A full reprocess can take significant time for large datasets. Plan maintenance windows accordingly when restoring source database backups.

Planning for database restores

When planning source database backup and recovery:

  1. Test restore procedures in a staging environment to understand reprocessing duration
  2. Plan maintenance windows during low-traffic periods for database restores
  3. Consider data volume when estimating recovery time - larger datasets take longer to reprocess

Factors affecting reprocessing time

  • Data volume: Total size of data in synced tables
  • Sync rules complexity: Number of tables, joins, and transformations
  • Database performance: CPU, memory, and I/O capacity

For more details on performance considerations, see Performance and Limits.

Multi-tenant considerations

For multi-tenant architectures using a shared database with tenant isolation through sync rules, you can perform tenant-specific recovery without triggering a full reprocess.

Tenant-specific recovery

Instead of restoring the entire database, restore only the affected tenant's data:

  1. Backup and restore tenant-specific data using your source database's native tools with filtering (e.g., WHERE tenant_id = X)
  2. PowerSync detects restored data as incremental changes and replicates them automatically
  3. Other tenants continue operating without interruption (assuming replication keeps pace)
Implement soft deletes for accidental deletions to avoid database-level recovery in many scenarios. See [Handling Update Conflicts](/usage/lifecycle-maintenance/handling-update-conflicts) for related patterns.

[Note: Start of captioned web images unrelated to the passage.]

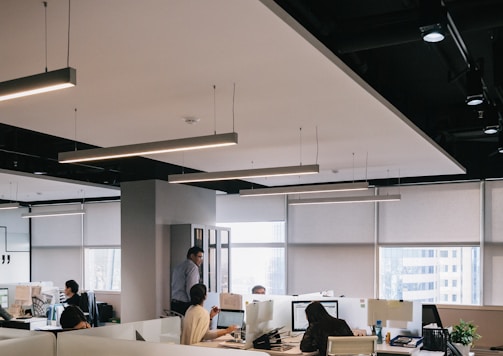 people inside office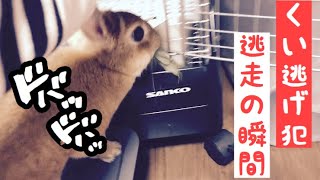 今年最後の葛の葉を食い逃げするうさぎ #269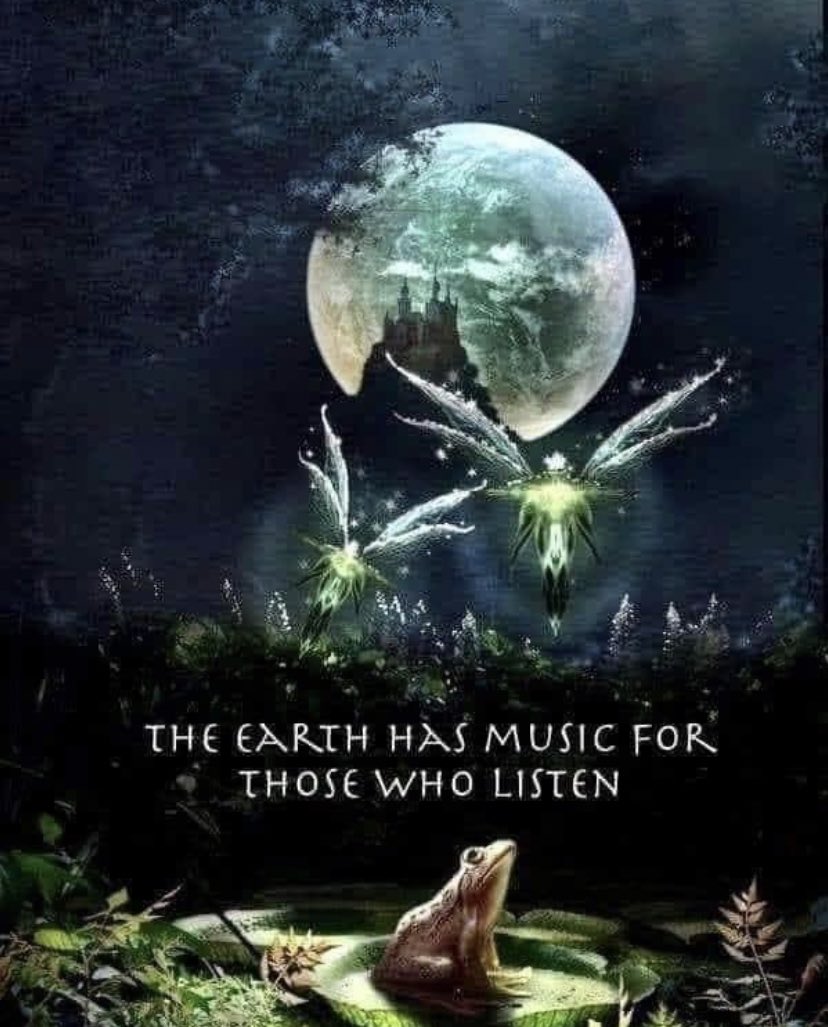 nkotbblockhead1's tweet photo. #witch #witchywisdom #nature #proudwitch #magic #powerfulmagic #witchyvibes #witchymood https://t.co/FVYVF6iBys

Performance considerations

Large tenant restores increase replication volume. Monitor:

  • Replication lag during restore operations using Monitoring and Alerting
  • Data volume impact - high volumes can affect all tenants if replication falls behind

Database-specific notes

Different source databases use different replication mechanisms:

  • Postgres: Logical replication slots (see Postgres Maintenance for slot management)
  • MongoDB: Change stream resume tokens
  • MySQL: Binary log positions (GTID)
  • MSSQL: Change Data Capture (CDC)

The specific behavior after a restore may vary by database type. PowerSync uses checkpoints to maintain consistency during the recovery process.